◆ **ENTRIES SUPPLIED**:
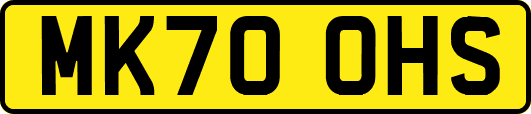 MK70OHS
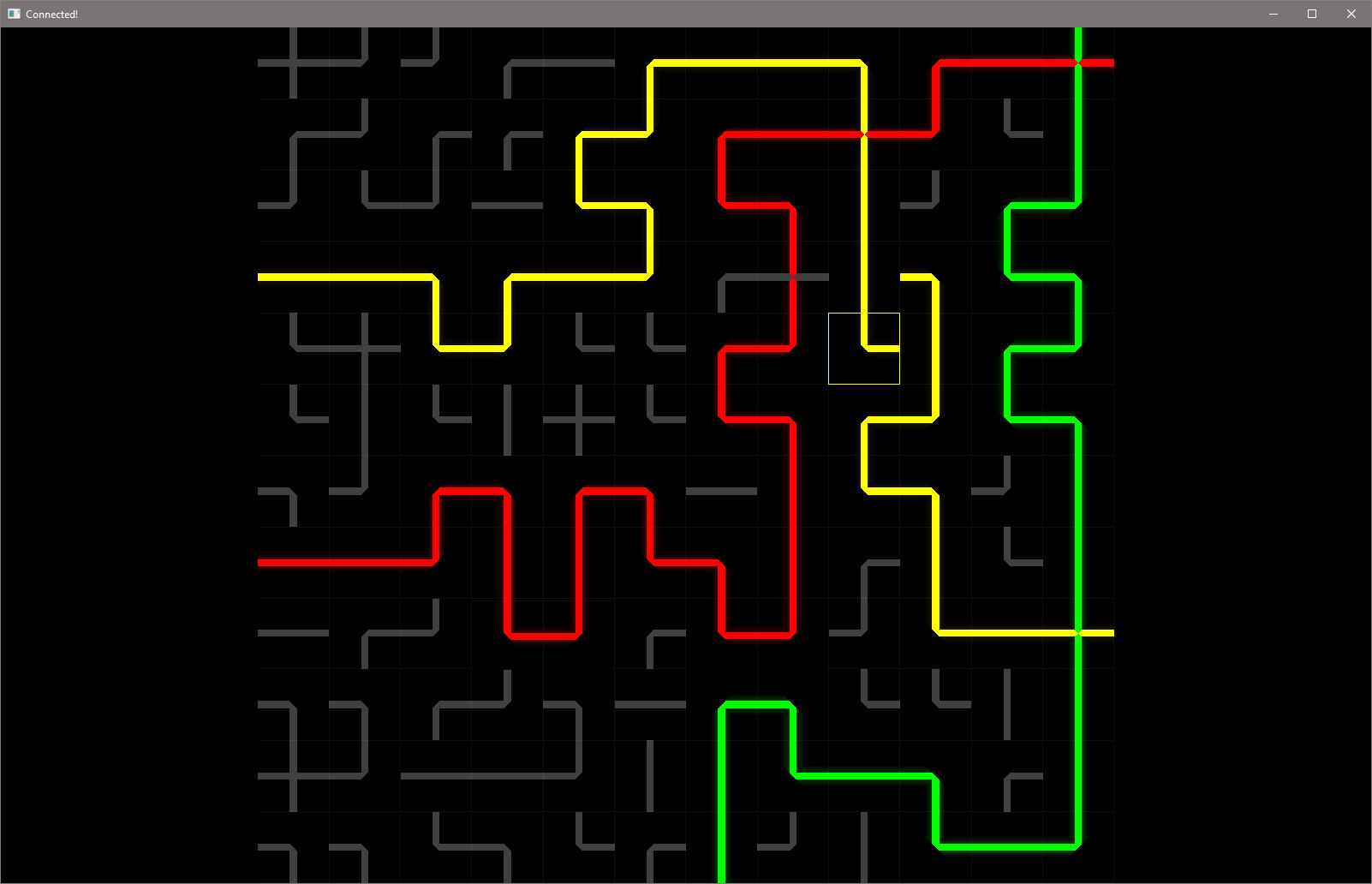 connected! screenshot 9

...

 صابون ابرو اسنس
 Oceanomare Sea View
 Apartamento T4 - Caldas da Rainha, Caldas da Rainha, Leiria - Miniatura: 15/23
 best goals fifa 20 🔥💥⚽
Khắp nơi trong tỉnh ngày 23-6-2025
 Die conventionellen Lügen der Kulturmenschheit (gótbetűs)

◆ **WHAT NEEDS TO BE DONE**: Taking the records above, retype every line from the one with "صابون ابرو اسنس" down to the one with "Die conventionellen Lügen", exactly and with nothing else.

◆ **RESULT OF THE TASK**:
 صابون ابرو اسنس
 Oceanomare Sea View
 Apartamento T4 - Caldas da Rainha, Caldas da Rainha, Leiria - Miniatura: 15/23
 best goals fifa 20 🔥💥⚽
Khắp nơi trong tỉnh ngày 23-6-2025
 Die conventionellen Lügen der Kulturmenschheit (gótbetűs)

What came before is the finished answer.